╭──
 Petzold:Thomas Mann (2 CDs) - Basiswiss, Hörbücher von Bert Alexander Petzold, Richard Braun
╰──
╭──
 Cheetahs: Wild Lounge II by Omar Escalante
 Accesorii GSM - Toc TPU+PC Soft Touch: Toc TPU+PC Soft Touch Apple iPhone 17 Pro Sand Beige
╰──
▶ [DIRECTIONS FOR THIS TASK]:
From the records above, copy only the lines starting with the line that holds "Cheetahs: Wild Lounge II by Omar Escalante" and going on through the line that holds "Accesorii GSM - Toc", exactly as written.

▶ [SOLUTION]:
 Cheetahs: Wild Lounge II by Omar Escalante
 Accesorii GSM - Toc TPU+PC Soft Touch: Toc TPU+PC Soft Touch Apple iPhone 17 Pro Sand Beige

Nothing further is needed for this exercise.